Hello
I'm setting up an openldap directory server (2.4.13) including a 2nd one for as backup/failover partner. After i compiled everything, installing, configuring everything (database, sync, schema, etc) and imported the basic LDAP Layout (ou=Users,ou=Groups, etc), I wanted to use this directory as Userdirectory for Userauthentication on ldap.
I was switching user/group lookups using the 'ldapclient' command and modified to /etc/nsswitch.conf to refer for "files ldap" for passwd and group.
Everything seems to work. 'genent passwd' and 'getent group' is listing my ldap user and groups. But when i try to restart the slapd server it crashes sometimes with a coredump.
---------------------------------------------------------------------- # /usr/local/libexec/slapd -d 65535 -u openldap -g openldap @(#) $OpenLDAP: slapd 2.4.13 (Jan 30 2009 12:02:48) $ root@ldapserver:/usr/local/src/openldap-2.4.13/servers/slapd ldap_pvt_gethostbyname_a: host=ldapserver, r=0 daemon_init: <null> daemon_init: listen on ldap:/// daemon_init: 1 listeners to open... ldap_url_parse_ext(ldap:///) daemon: listener initialized ldap:/// daemon_init: 2 listeners opened ldap_create Bus Error (core dumped) ----------------------------------------------------------------------
Not everytime, sometimes several times in a row, sometimes after a 2nd start. I've no clue what it could be.
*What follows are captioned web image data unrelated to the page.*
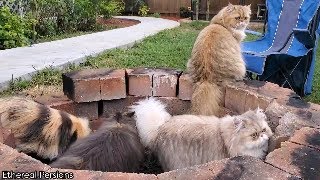 A Ton of Persian Cats [upl. by Gene]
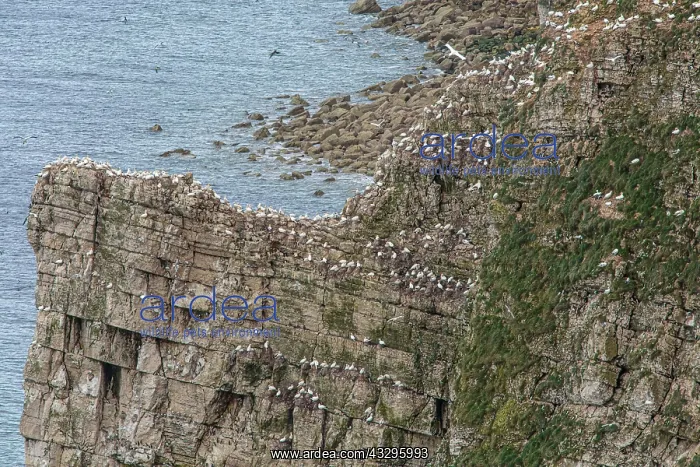 : RSPB Bempton Cliffs, England, UK : RSPB Bempton Cliffs, England, UK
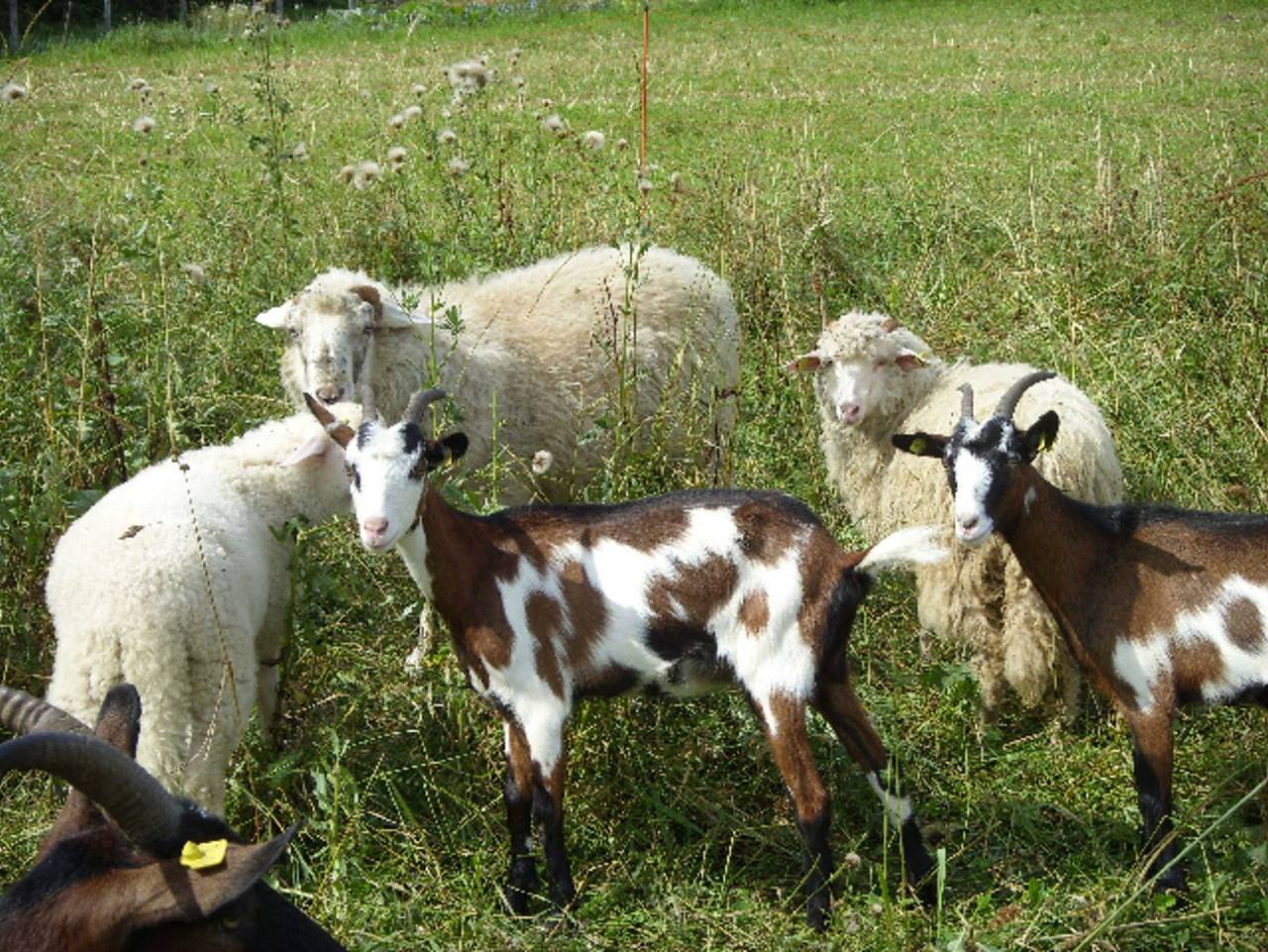 Kronaushof - Jagahaus in Sankt Corona am Wechsel, Wiener Alpen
In the ldap logfile, i found the 2 following lines
---------------------------------------------------------------------- an 30 16:26:56 ldapserver slapd[9494]: [ID 555073 local4.error] tid= 1: multiple threads per connection not supported Jan 30 16:26:56 ldapserver slapd[9494]: [ID 555073 local4.error] tid= 1: multiple threads per connection not supported ----------------------------------------------------------------------
I started to run the slapd server using "truss" to see when the server starts to coredump.
---------------------------------------------------------------------- # truss /usr/local/libexec/slapd -d 65535 -u openldap -g openldap [...] open("/etc/nsswitch.conf", O_RDONLY|O_LARGEFILE) = 9 fcntl(9, F_DUPFD, 0x00000100) Err#22 EINVAL read(9, " #\n # C o p y r i g h".., 1024) = 1024 read(9, " g u r e i t o u t ".., 1024) = 245 read(9, 0xFF092400, 1024) = 0 close(9) = 0 fstat(3, 0xFFBFCAE8) = 0 time() = 1233329411 getpid() = 9512 [9511] putmsg(3, 0xFFBFC1A0, 0xFFBFC194, 0) = 0 open("/var/run/syslog_door", O_RDONLY) = 9 door_info(9, 0xFFBFC0D8) = 0 getpid() = 9512 [9511] door_call(9, 0xFFBFC0C0) = 0 close(9) = 0 fstat(3, 0xFFBFCB88) = 0 time() = 1233329411 getpid() = 9512 [9511] putmsg(3, 0xFFBFC240, 0xFFBFC234, 0) = 0 open("/var/run/syslog_door", O_RDONLY) = 9 door_info(9, 0xFFBFC178) = 0 getpid() = 9512 [9511] door_call(9, 0xFFBFC160) = 0 close(9) = 0 Incurred fault #5, FLTACCESS %pc = 0x0008E1FC siginfo: SIGBUS BUS_ADRALN addr=0x00000191 Received signal #10, SIGBUS [default] siginfo: SIGBUS BUS_ADRALN addr=0x00000191 ----------------------------------------------------------------------
It looks like after reading nsswitch.conf, the server starts to crash. I changed the following lines in the nsswitch.conf and the server starts fine without any further problems. (even 20x in a row)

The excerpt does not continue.